November is the month many people start transitioning into the Holiday season. We get increasingly busy planning family get togethers, our gift list has started and our general consumption is slowly increasing. Though this is a busy and joyous time for many, this is also the time where some are in need of basic necessities that many of us take for granted. I saw this first hand at the first real estate brokerage I was with, where not only do many agents get sucked into the numbers game and sales culture, but envy and competition are actually emphasized and encouraged. Sales numbers and agent earnings are the primary focal point. Of course around the holiday's a few agents may rally around Toys for Tots or some other quality non-profit but it feels like a pretty token, once-a-year gesture when the rest of the time is inward focused on me, me, me and how much more money can I make then the other agents in my office or how I rank in my market....

When I starting my own brokerage, I made a promise to myself and the community to keep giving back & community involvement central in our day-to-day activities of helping clients. This value has brought us community partnerships, volunteer opportunities and a deeper knowledge of issues and topics that happen right in our community that many are not fully aware of.

My agents and I hold a Quarterly Sea-Town Volunteer day that bring us the opportunity of gaining knowledge of our community and the issue impacting it, as well as an opportunity to make a difference. Our most recent volunteer day was with West Side Baby, who we have cultivated a partnership with and have collaborated together for previous volunteer events.
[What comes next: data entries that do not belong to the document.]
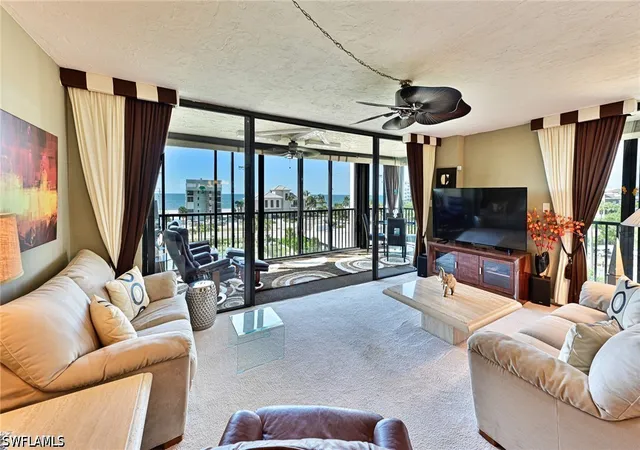 Photo 4 of Condo for sale at 26131 Hickory Blvd #4C, Bonita Springs, FL 34134 | MLS# 226035279 | Listing updated on 2026-10-07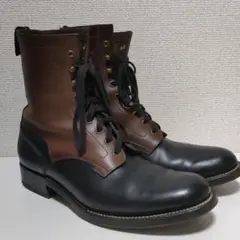 foot the coacher フットザコーチャー 26cm 7 1/2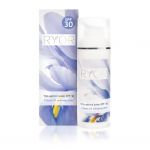 Trio - aktívny krém SPF 30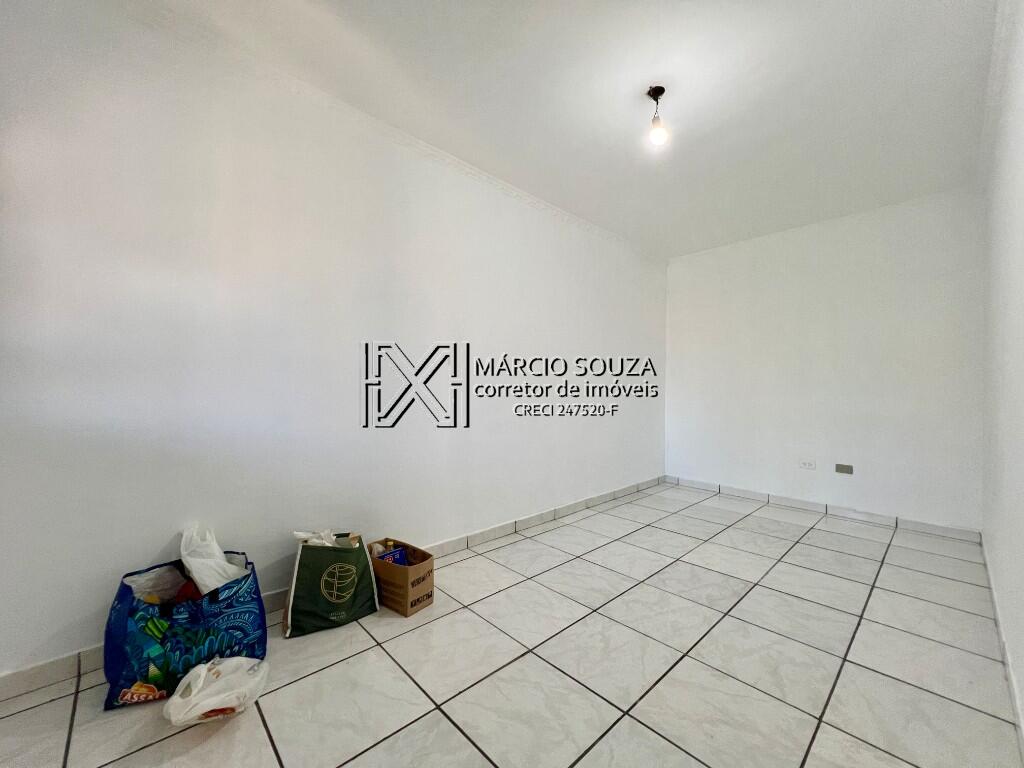 Casa, 4 quartos, 115 m² - Foto 11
WestSide Baby is a nonprofit organization that collects previously owned items for children and babies and distributes them free of charge to King County families in need. Their main mission is to keep children “Safe, Warm and Dry”. All of our volunteers from agents, friends and family came together and sorted out and organized children’s clothing while becoming more aware on how many families in the King County area are struggling to meet their basic needs.